L’attuale allenatore della Juventus, Maurizio Sarri, ha rilasciato alcune dichiarazioni in cui  ha parlato anche del suo passato napoletano e delle risposte circa i presunti ‘aiutini’ ai bianconeri. In azzurro, infatti, ne ha spesso parlato, oggi, invece, sembra rimangiarsi quanto detto qualche anno fa.

Ecco i principali aspetti evidenziati dal Corriere dello Sport: “Non ho mai pensato che le vittorie della Juve fossero figlie di aiuti, ma che era la squadra più forte. Vince per la mentalità feroce. Si può discutere di un episodio, ma quella è la normalità. A Napoli abbiamo perso scudetti a 10 punti dalla Juventus, e lì l’episodio non c’entrava. Diverso quando l’abbiamo perso in volata, ma è normale a caldo recriminare”.

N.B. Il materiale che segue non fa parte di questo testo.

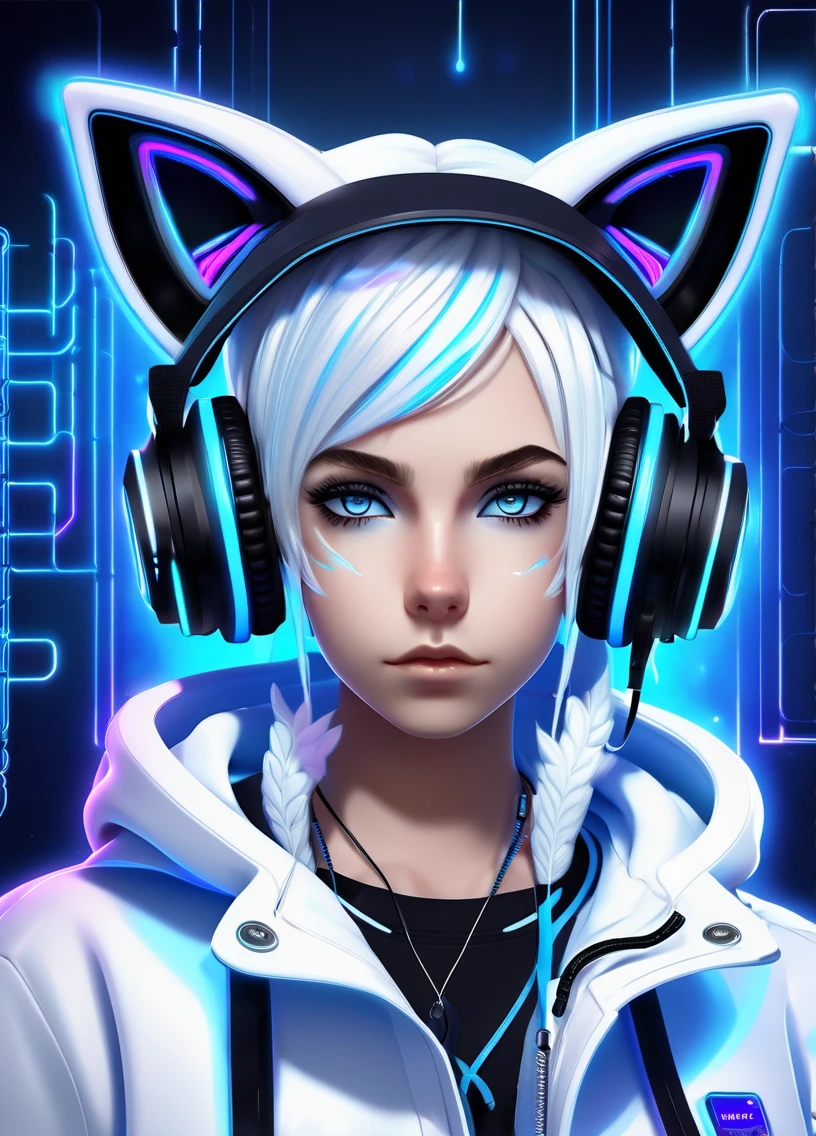 DJ TWIWAVE has short white hair, colorful blue eyes and a focused expression. She wears a black beanie with cat ears, black headphones with white accents and a futuristic white jacket.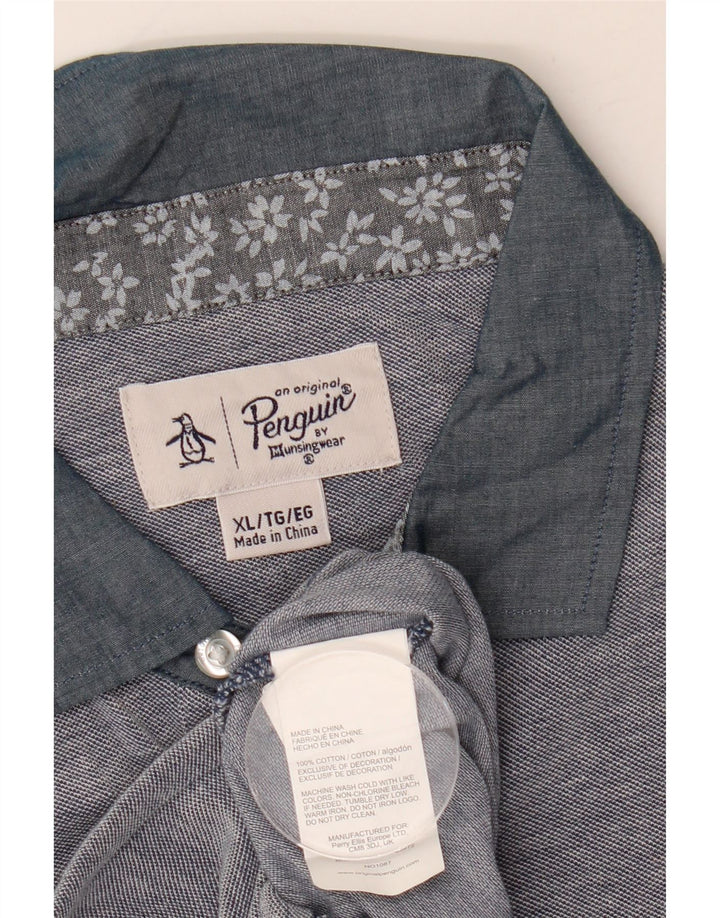 Penguin herre poloshirt XL blå bomuld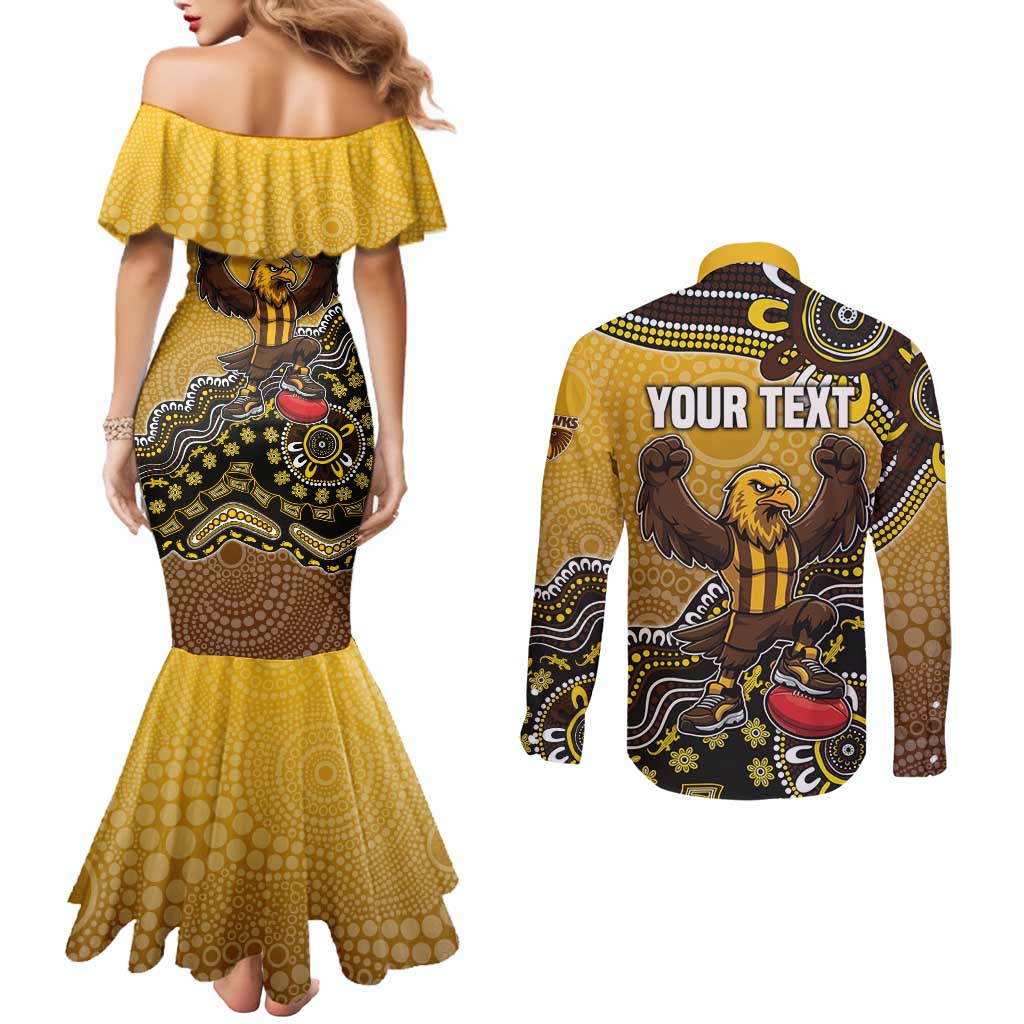 Personalized Hawks Football Mascot Couples Matching Mermaid Dress and Long Sleeve Button Shirt Aboriginal Dot Art Style Vibrant Indigenous Pattern Design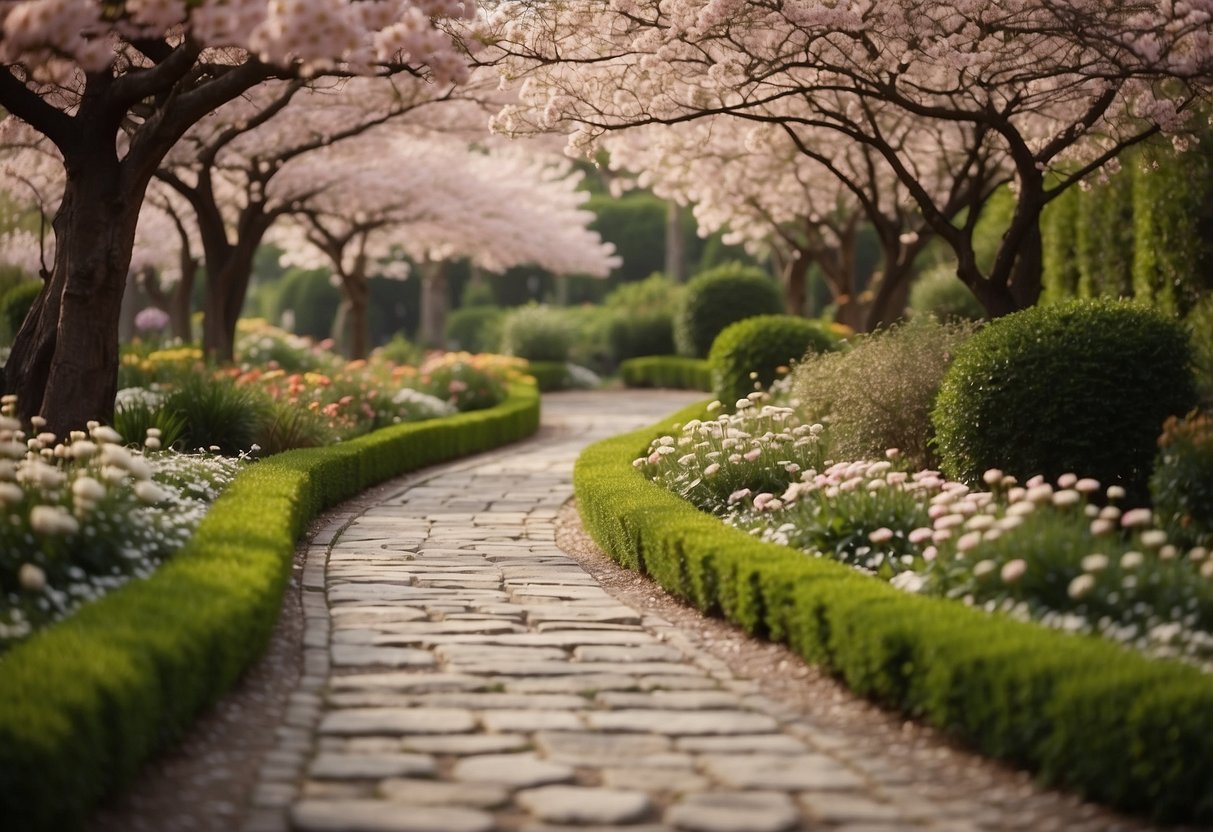 A serene garden with a winding path, blooming flowers, and two intertwined trees, symbolizing enduring love and the passage of time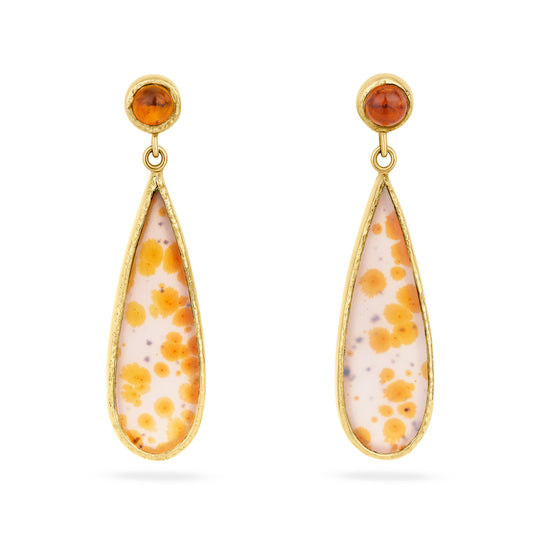 Narmada river agate and citrine earrings one of a kind 18ct yellow gold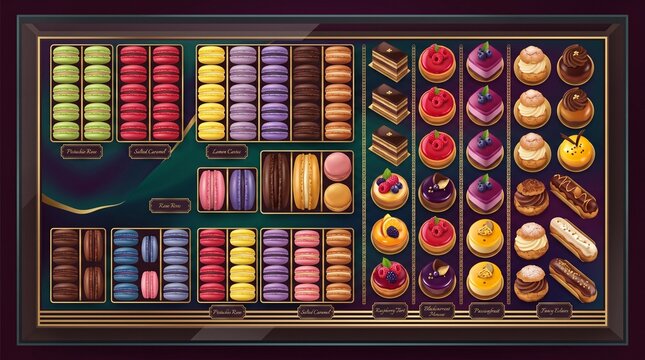 A vibrant display of delicious gourmet macarons arranged neatly inside a chilled bakery case ready for purchase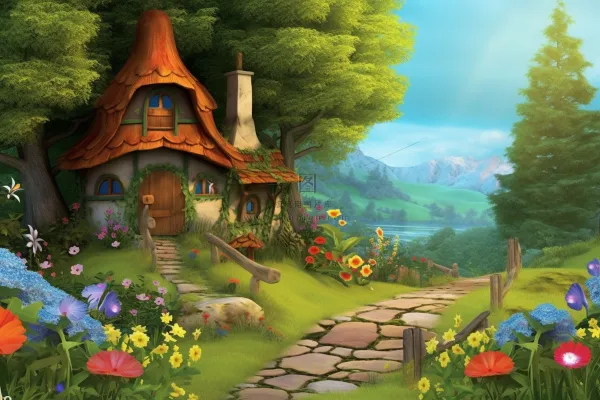 森林里的小房子门前花丛草地石子路卡通插画素材背景 森林里的小房子门前花丛草地石子路卡通插画素材背景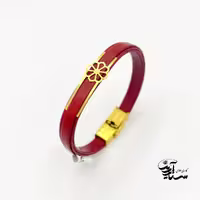 دستبند چرم و طلا زنانه کد 1055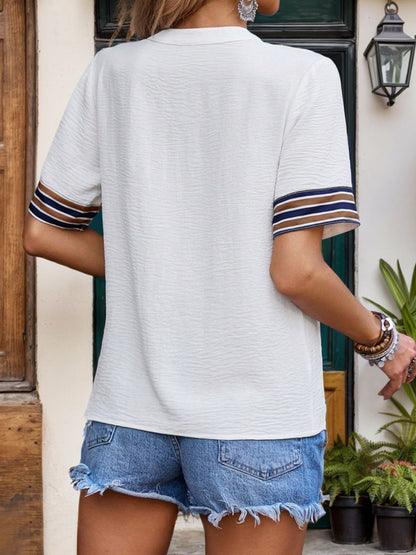 Contrast Stripes Notched Short Sleeve Blouse – Chic & Versatile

Non è semplice rimanere fuori e ringrazio lo staff medico che mi ha coccolato per 20 giorni. Mi hanno fatto capire che era meglio fare un passo indietro per non farlo più lungo dopo. È stato pesante ma l’ho dovuto accettare, nella consapevolezza anche che lo staff stava andando avanti alla grande in allenamento e in partita“.

Maurizio Sarri, quindi, ora sembra rimangiarsi le parole detto qualche periodo fa. Il mister, infatti, è intelligente e non vorrebbe mettersi contro società e tifosi.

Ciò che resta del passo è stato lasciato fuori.